Mas Lutero tinha algo a mais. Ele era um trunfo político! Assim, nenhum milagre o fez chegar ileso até aqui.
Lutero era bom de briga e não desistia fácil. Isso encantou o príncipe Frederico da Saxônia. E o monge granjeou um fã príncipe! Longe de ser o anjo protetor de Lutero, esse príncipe tinha outros interesses nisso tudo – aliás, como todo político... Assim, tratou de salvar a pele de Lutero e apelou para que Carlos V o ouvisse primeiro, usando uma brecha na lei que dizia que ninguém pode ser proscrito sem poder se defender antes.
Com um armário repleto de velhas relíquias da fé, Frederico pouco se importava com as publicações daquele monge. Mas aah, sua ousadia ao peitar o Papa era algo de outro mundo! E o papa, que se metia em tudo, levava os príncipes alemães à loucura. Frederico queria se livrar das intromissões de Roma nos assuntos da Alemanha. Quem sabe, Carlos V podia dar um jeito.
Carlos V era um jovem fervorosamente católico... mas um bom aprendiz de político. Fazer alianças era a saída para evitar a divisão do seu vasto império, formado por Áustria, Espanha, Alemanha, Países Baixos, os reinos de Nápoles e da Sicília, a Lombardia, o Franco Condado, Artois, o Ducado de Milão e as terras do Novo Mundo conquistadas pela Espanha.

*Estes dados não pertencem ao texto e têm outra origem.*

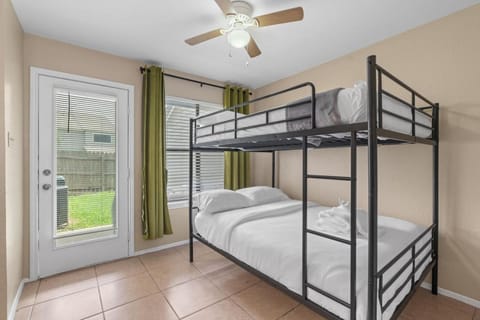 Bed, Bedroom, bunk bed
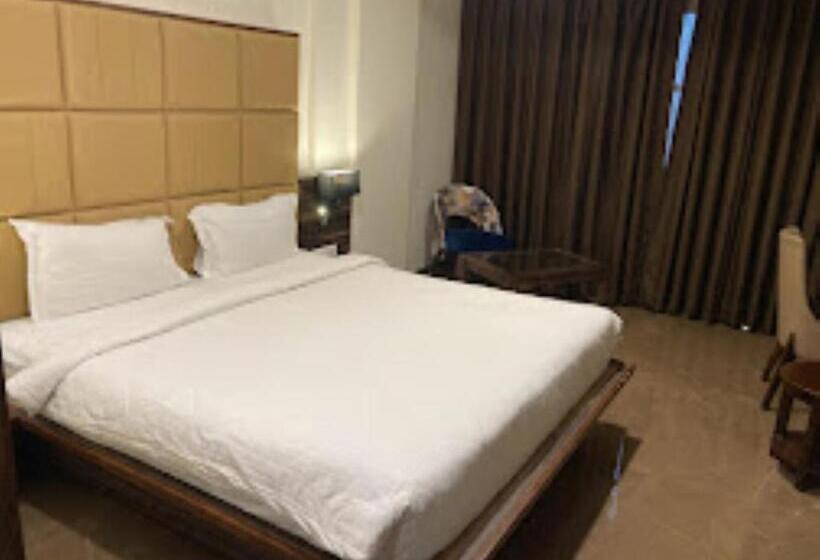 Номер Deluxe, High Rise Regency, Burhanpur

Lutero era o trunfo para a crise política dos poderosos. Então, Carlos V abriu uma exceção, resolvendo ouvir o monge.
No dia 17 de abril, na hora marcada, Carlos V mandou dois oficiais imperiais buscarem Lutero no Johanniterhof, onde estava hospedado. Ele não seria imediatamente levado à grande Plenária da Dieta de Worms. O imperador reservara na agenda um encontro na própria sede do Bispado, onde estava instalada sua corte desde que começou a Dieta. Quem sabe, assustado com a grandiosidade de tudo aquilo, aquele monge fosse um sujeito fácil de convencer e as coisas se resolveriam numa boa conversa, digamos, mais “intimista”.
Ah, mas o imperador ou seus mais chegados conselheiros não tinham a menor noção de quem era aquele monge!
Quando chegou na hospedaria, o general Pappenheim já foi logo botando regras. O imperador queria ver Lutero em sua própria corte, mas não haveria discussão, nem qualquer debate ou oportunidade de argumentação. Seria tudo sem “mas, contudo, todavia, entretanto!”. Lutero só deveria responder as perguntas do oficial que presidia a sessão, Johann Eck (Lembro que Carlos V mal falava alemão e tudo passaria por um tradutor).
O que acontece a seguir é, numa concepção moderna de linguagem, literalmente um desastre comunicacional. Ao entrar na sala do trono, feitas as mesuras cabíveis ao imperador, Johann Eck apontou para uma mesa com 25 livros, cuidadosamente preparada para a ocasião. E tascou: “Foi você quem escreveu estes livros? Está pronto a refutar todas as heresias que estão escritas neles?”
Jeromee Schurff, professor de direito canônico da Universidade de Wittenberg, advogado de Lutero, pediu que os títulos das obras fossem lidos em voz alta. A lista continha: “As 95 Teses”, “Resoluções Sobre as 95 Teses”, “Sobre o Papado de Roma”, “Discurso à Nobreza Cristã”, “O Cativeiro Babilônico da Igreja”, “Sobre a Liberdade de um Cristão” e diversas outras obras.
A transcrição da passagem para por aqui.